Super Mario World: Mario & Yoshi ($129.99/£114.99 • 1215 pieces): It feels like Nintendo’s going to comical lengths to avoid giving us Mario minifigs. We already have dead-eyed computer Mario, and now there’s gigantic pixel-art Mario riding gigantic pixel-art Yoshi. They’re animated too – like the Lego NES, this set has a hand crank. And you can twiddle a dial so Yoshi pokes his tongue out at anyone who remarks you just spent over a hundred bucks on a Lego version of a SNES sprite.
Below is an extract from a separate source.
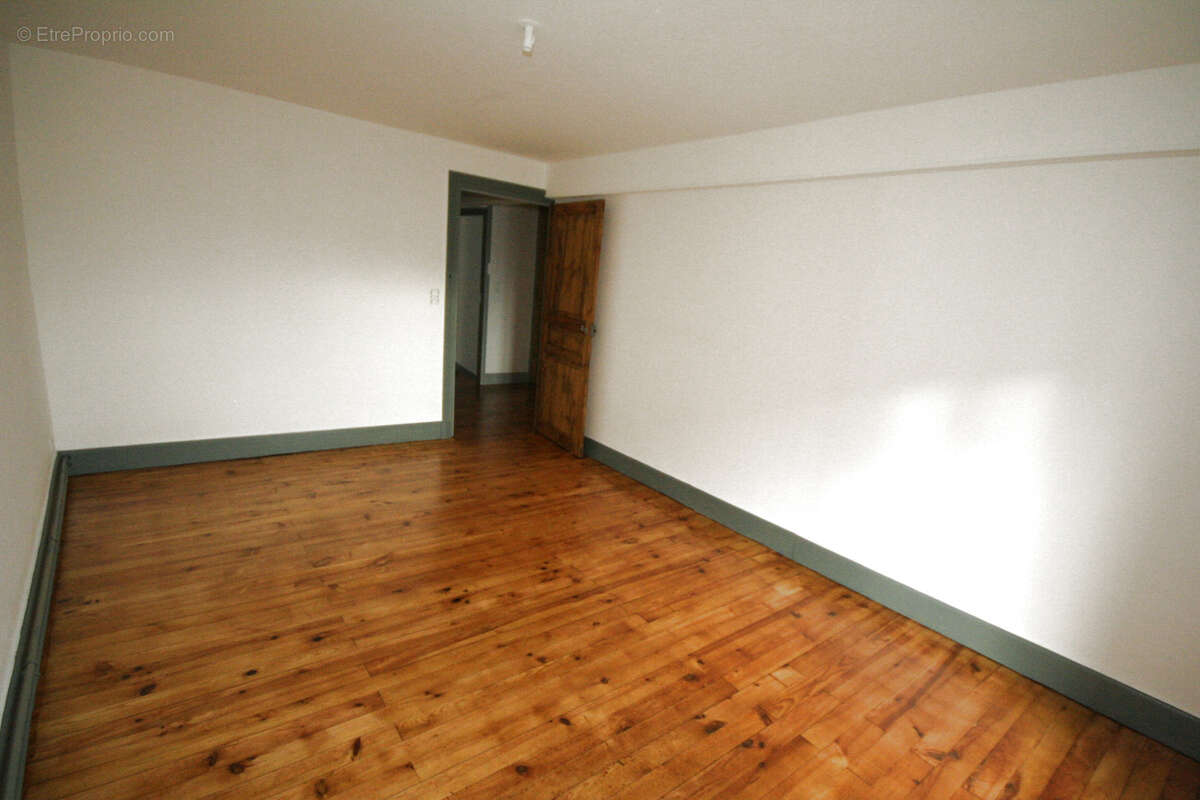 Appartement à COMBRONDE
Dungeons & Dragons: Red Dragon’s Tale ($359.99/£314.99 • 3745 pieces): Celebrating 50 years of D&D, this set is quite the monster. And suitably, it includes some brick-built monsters too. The biggest is Cinderhorn, a gigantic posable dragon, braced to set fire to the included minifigs. Or just sit atop the castle. All depending on whether it rolls a 6 or a 20. Or something.
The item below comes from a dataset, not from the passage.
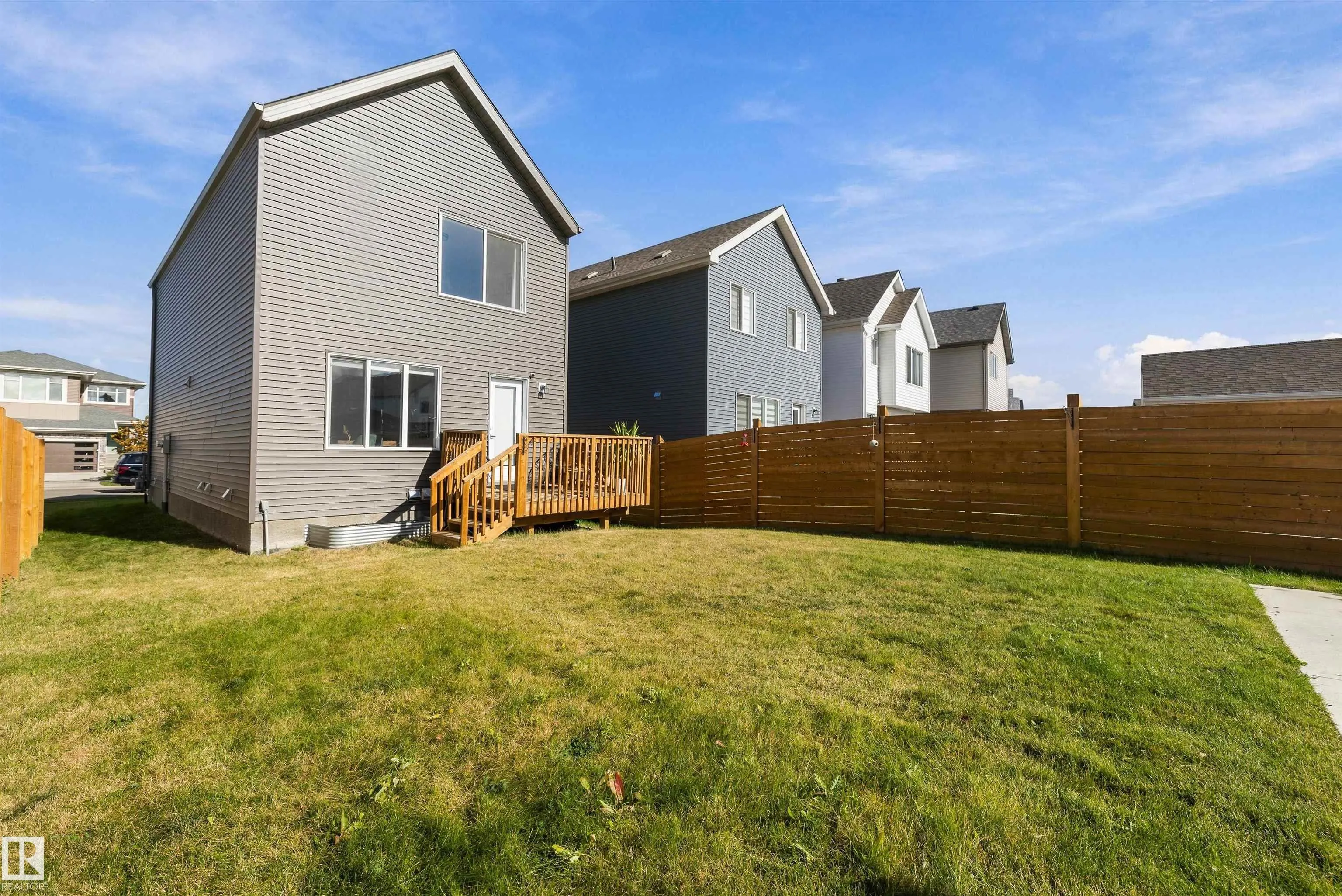 290 JENSEN LAKES Boulevard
More of the best Lego sets of 2024
![Notre-Dame de Paris](https://www.stuff.tv/wp-content/uploads/sites/2/2024/05/lego-notre-dame.jpg?w=1024)
![NASA Artemis](https://www.stuff.tv/wp-content/uploads/sites/2/2024/04/nasa-artemis.jpg?w=1024)
![Lego Batmobile](https://www.stuff.tv/wp-content/uploads/sites/2/2024/09/lego-batmobile-1960s.jpg?w=1024)
Notre-Dame de Paris ($229.99/£199.99 • 4383 pieces): Five years after a devastating fire, this Paris landmark’s reconstruction is almost complete. This Lego set, packed as it is with 1×1 tiles, may take you almost as long to build. But when you’re done, you’ll have a gorgeous brick-built model showing how the building looked before that fateful day.
NASA Artemis Space Launch System ($259.99/£219.99 • 3601 pieces): If your idea of space Lego is more grounded in reality, you’ll love the latest NASA set. As ever, there’s plenty of detail, including retractable launch tower umbilicals and separating rocket stages. There’s even a dinky Orion module with foldout solar panels. Space fans will be over the moon building a rocket that’s intended to once again take people there.
Batman: The Classic TV Series Batmobile ($149.99/£129.99 • 1822 pieces): Holy oversized cars, Batman! Yes, the included 1966-style Batman minifig won’t be driving this gigantic take on the classic TV show’s car. (And 1960s Robin is sadly absent. Bah.) But you will be able to happily yell BOFF! and ZWAPP! while vrooming this beauty across your desk. All while mulling that they really don’t make ’em like they used to. This Batmobile even has a dash of vibrant colour. Imagine!